Apple, Apple, Apple. Il nome dell’azienda americana rimbalza ovunque oggi, giorno dell’annuncio dei nuovi dazi voluti da Donald Trump, su TV e siti, anche quelli generalisti. La ragione è evidente nei dati di Borsa: il titolo AAPL, il “ticker” Apple a Wall Street, sta subendo perdite pesanti, che simboleggiano in maniera quasi perfetta le conseguenze delle scelte tariffarie dell’amministrazione americana.
Apple cala in modo significativo (circa il -10% nel momento in cui scriviamo, 250 miliardi di capitalizzazione persi) perché, più di molte altre aziende, è legata a quei mercati che subiscono i dazi più alti, come già evidenziato in un nostro precedente articolo. La Cina, in primo luogo, ma anche il Vietnam.
Quali alternative ha Apple?
Ma ci sono margini di manovra per contenere l’impatto delle nuove tariffe? Secondo l’analista Ming-Chi Kuo, sì. Anche se nessuna strada è semplice, e tutte richiedono un grado di collaborazione tra Washington e i paesi chiave della filiera produttiva.
In un post su X, Kuo — analista con contatti diretti nel mondo dei fornitori asiatici — ricorda che il vero nodo è la forte dipendenza dalla Cina, da dove arriva tra l’85 e il 90% dell’hardware destinato agli Stati Uniti. Ed è proprio la Cina il paese “meno incline a cercare soluzioni negoziate” per ridurre l’impatto delle tariffe.
Prezzi o margini
Per Apple si apre un bivio: aumentare i prezzi oppure accettare margini più stretti. Kuo stima che, senza contromisure, il margine lordo potrebbe ridursi dell’8,5-9%.
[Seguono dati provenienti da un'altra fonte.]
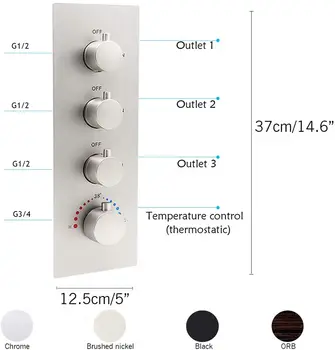 

Luxury Brass 3-Outlet Shower Water Mixer Diverter Thermostatic Valve Brushed Nickel with 4 Handles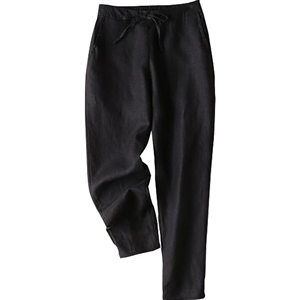 <span class=keywords><strong>Pantaloni</strong></span> <span class=keywords><strong>estivi</strong></span> elasticizzati in vita tinta unita in lino 100% <span class=keywords><strong>con</strong></span> coulisse <span class=keywords><strong>pantaloni</strong></span> Casual leggeri da <span class=keywords><strong>donna</strong></span> - Product Image 2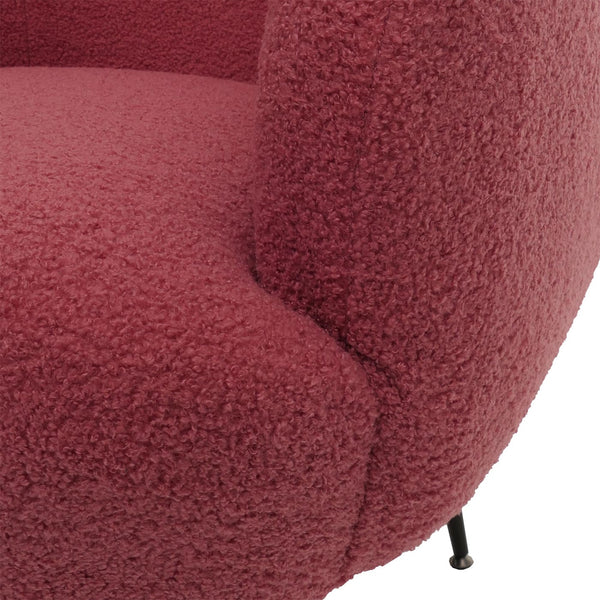 Lounge-Sessel Clubsessel Cocktailsessel Bouclé Stoff Metall purpur-rot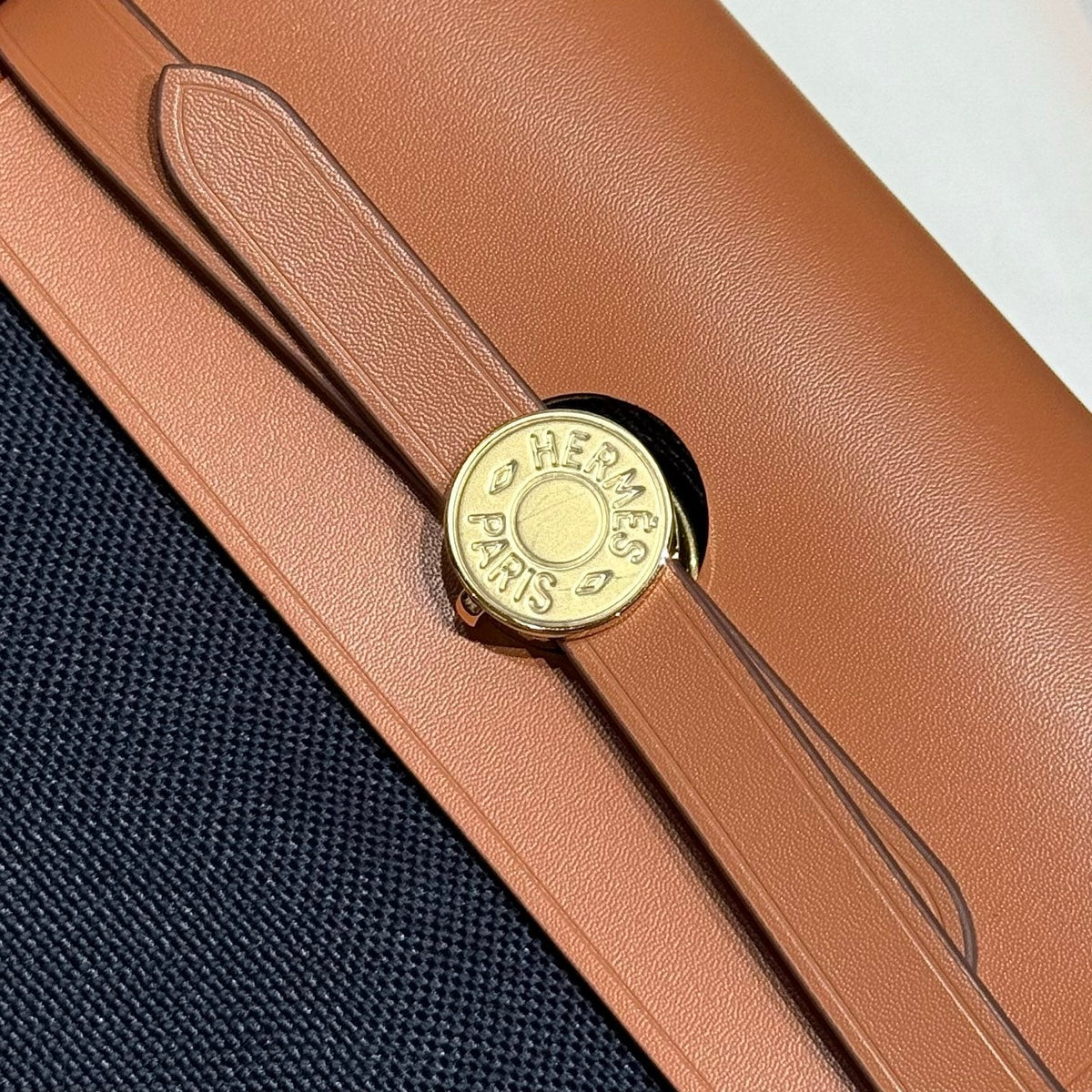 HERMES 25S MINI HERBAG 20 IN NAVY BLUE CANVAS GOLD HARDWARE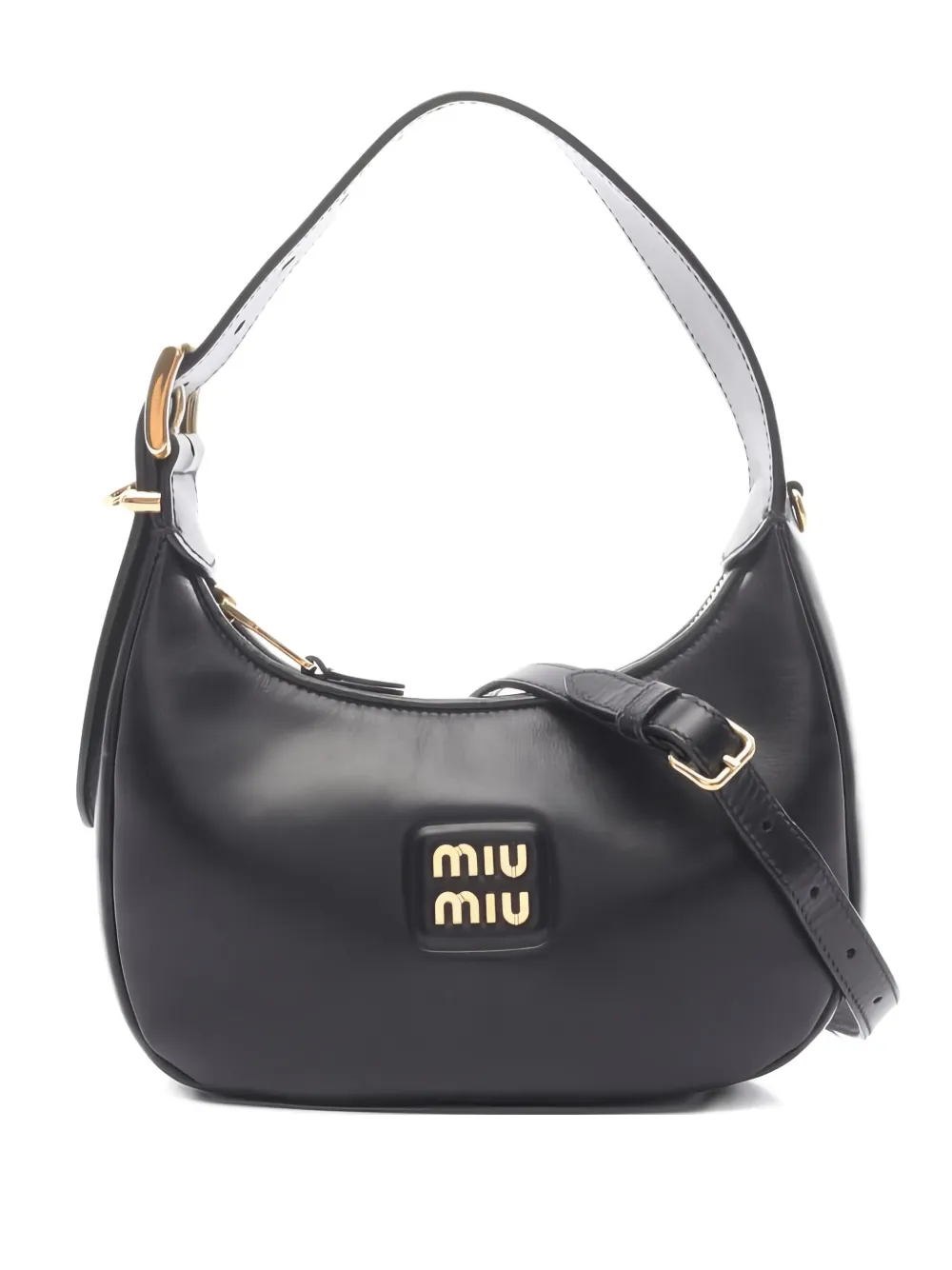 Pre-owned Miu Miu 2010s Logo-plaque Leather Tote Bag In Black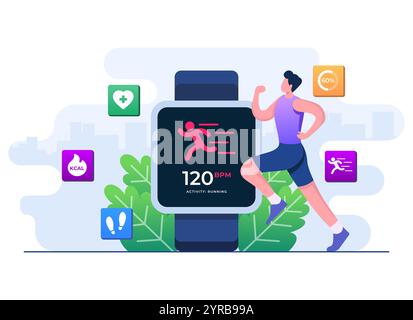 Runner che monitora la sua frequenza cardiaca in smartwatch, allenamento, fitness e concetto di salute, app fitness, dispositivo indossabile al polso, allenamento, esercizi sportivi Illustrazione Vettoriale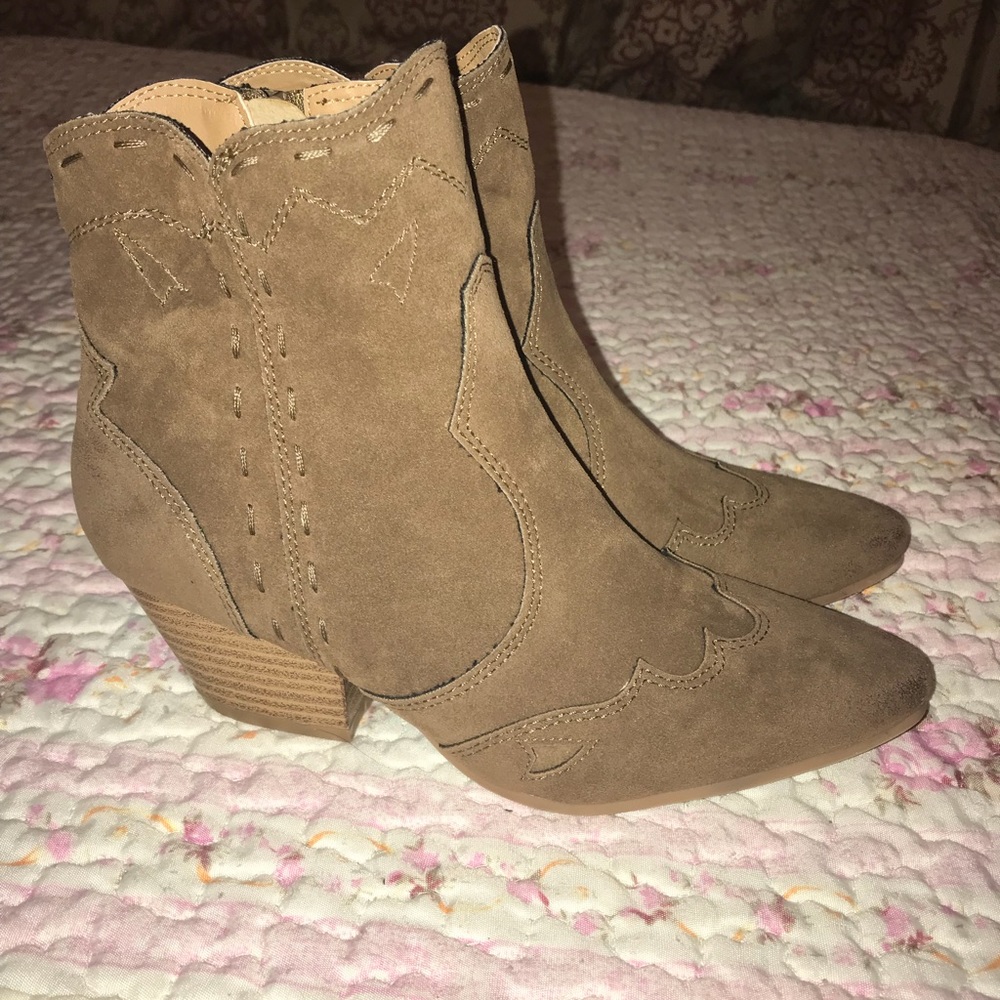 Western Detail Eco Suede Ankle Bootie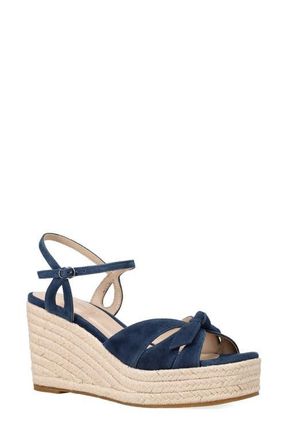 Pelle Moda Elbie Espadrille Ankle Strap Platform Wedge Sandal in Midnight at Nordstrom, Size 8.5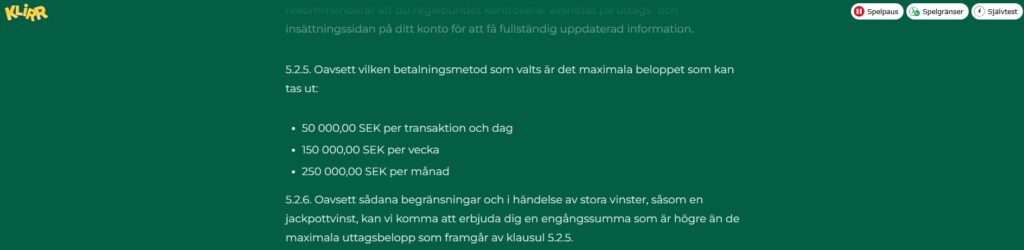 gränser för uttag Klirr casino
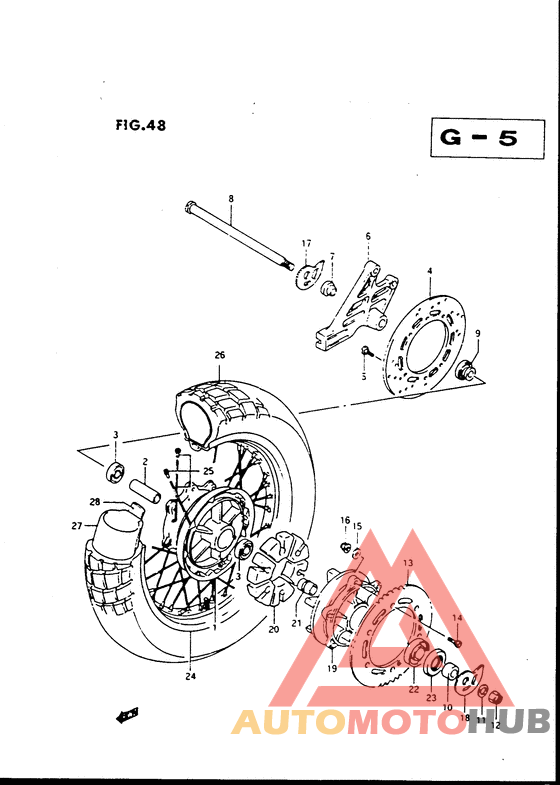 Rear wheel complete assy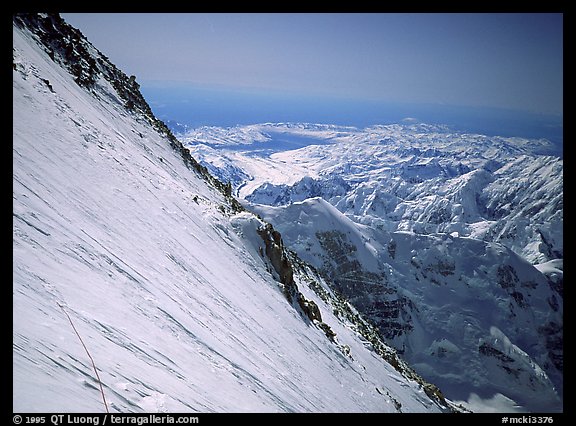 Across the gully, the last camp spot is visible. Denali, Alaska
Uno scenario meno penalizzante si avrebbe se l’azienda riuscisse ad aumentare la produzione in India e Vietnam, considerati da Kuo “molto più propensi della Cina a ottenere esenzioni dai dazi”. In questo quadro, il progressivo spostamento della produzione verso questi paesi diventa una priorità strategica. Se la capacità produttiva in India raggiungesse il 30% del totale globale — obiettivo possibile nei prossimi anni — la perdita sui margini potrebbe ridursi a una forchetta tra l’1% e il 3%.
With 85-90% of Apple’s hardware assembly based in China and the rest in India and Vietnam, the Trump administration’s new tariff policies—imposing 54%, 26%, and 46%, respectively—will significantly raise costs for hardware exports to the US. If Apple keeps prices unchanged, its…
— 郭明錤 (Ming-Chi Kuo) (@mingchikuo) April 3, 2025
Le leve commerciali
Apple ha anche margini d’azione sul fronte commerciale. Potrebbe ritoccare i prezzi dei modelli di fascia alta, che rappresentano il 65-70% delle vendite di nuovi iPhone negli USA, contando sul fatto che questo tipo di clientela è più tollerante verso piccoli aumenti.
In alternativa, potrebbe spingere sui sussidi degli operatori, rimodulare gli incentivi del programma Trade-In o agire sui margini dei fornitori, in modo da contenere l’effetto percepito degli aumenti senza toccare direttamente i listini.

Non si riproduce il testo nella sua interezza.